Die netteste, weil der GEMA ausweichende, Methode ist es, einen Proxy zu verwenden.
So einfach ist das auch nicht mehr mit den Proxys, weil Youtube diverse Hintertürchen geschlossen hat. Und einen VPN-Server in den USA wollen sich die wenigsten extra mieten.
Ja, es gibt natürlich weiterhin so Sachen wie OkayFreedom oder ähnliches. Aber einfach in den Proxyeinstellungen des Browsers einen Free-Proxy eintragen, ist nicht mehr, meines Wissens. Darauf wollte ich hinaus.
Auch die Firefox-Erweiterung Proxtube geht nicht mehr, weil diese Youtube vorgegaukelt hat, man habe eine ausländische IP, aber das Streaming dann nicht über den Proxy lief. Hier hat Youtube beispielsweise eine zweite Überprüfung eingebaut und spuckt jetzt wieder die Sperrmeldung aus (edit: zumindest bei meinem letzten Test, bin da nicht auf dem aktuellsten Stand).
.
Und Überschätze den durchschnittlichen Internetnutzer nicht
. In einem Land, in dem immer noch der Internet Explorer der meistgenutzte Browser ist, ist wohl leider nicht zu erwarten, dass die Mehrheit Ubuntu überhaupt kennt, geschweige denn nutzt. Die unbestreitbaren Vorteile hin oder her...
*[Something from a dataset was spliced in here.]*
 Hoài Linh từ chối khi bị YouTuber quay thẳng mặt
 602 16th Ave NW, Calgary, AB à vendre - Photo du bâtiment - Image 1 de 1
Proxy nehmen und die GEMA damit einfach links liegen zu lassen, wie es sich gehört. Nieder mit diesem sinistren veralteten System dass in den Fünfzigern des letzten Jahrhunderts hängen geblieben ist.
Die trauern bestimmt noch ihren Schellackplatten nach.
Bei mir funktioniert proxtube übrigens noch.
@Cyclonos:
Mit Proxy läßt man nicht die GEMA links liegen, sondern man vögelt youtube. Spricht sich doch rum, wenn ein ganzes Volk von Surfern dem Laden ausländische IDs vorgaukelt; macht bestimmt auch auf einige Werbekunden keinen guten Eindruck, die ja vorrangig wollen, daß über youtube nur die Produkte beworben werden, die man in dem entsprechenden Land auch bekommen kann.
Im Gegenteil glaube ich sogar, daß eine ausländische ID höchstens dafür sorgt, daß die dann zuständige Verwertungsgesellschaft und deren Rahmenvereinbarungen mit youtube einerseits und mit der GEMA andererseits einrasten und die deutschen Künstler so oder so ihr Geld bekommen, vorausgesetzt natürlich, man schaut sich die Sachen über eine Länder-ID an, in denen eine Rahmenvereinbarung mit youtube existiert. Und wenn keine existiert, fickt man youtube ebenso, denn irgendwann wird vielleicht auch die dortige Verwertungsgesellschaft mal dezent anfragen, warum denn da trotz diverser Klicks auf urheberrechtlich geschütztes Material kein Geld fließt. Ich sehe momentan bei der Nutzung von Proxys weitem mehr Probleme für youtube als für die GEMA, ganz ehrlich ...
Gruß
Skywise
kurz OT. sorry aber es ist wichtig
leute kurz und knackig: mein erfolgreicher radiosender http://laut.fm/channel-one ist nun offiziell geschichte. technische probleme, zeitprobleme etc
jedoch werde ich in kürze einen neuen sender präsentieren. das material ist da. es wird sich nichts groß verändern und es wird wieder wie früher jeden tag updates geben
ich werde es bekanntmachen wenn es soweit ist.hier auf laut.de
danke
Was gab es denn für Probleme, wenn ich fragen darf? Vor allem da du ja einen neuen aufbauen willst?